▶ _Action item_: Repeat the lines below exactly as they appear, but leave out the images.

▶ _Data shown_:

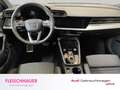 Audi A3 40 TFSI e Sportback advanced DSG ACC HUD LED Navi Schwarz - thumbnail 10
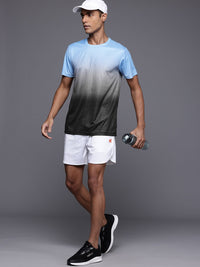 HRX by Hrithik Roshan Rapid Dry Running Sports T-shirt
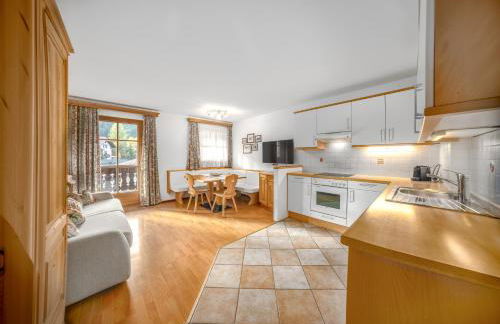 Anna Lodges Dolomites - Foto 56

▶ _Your solution_:
 Audi A3 40 TFSI e Sportback advanced DSG ACC HUD LED Navi Schwarz - thumbnail 10
 HRX by Hrithik Roshan Rapid Dry Running Sports T-shirt
 Anna Lodges Dolomites - Foto 56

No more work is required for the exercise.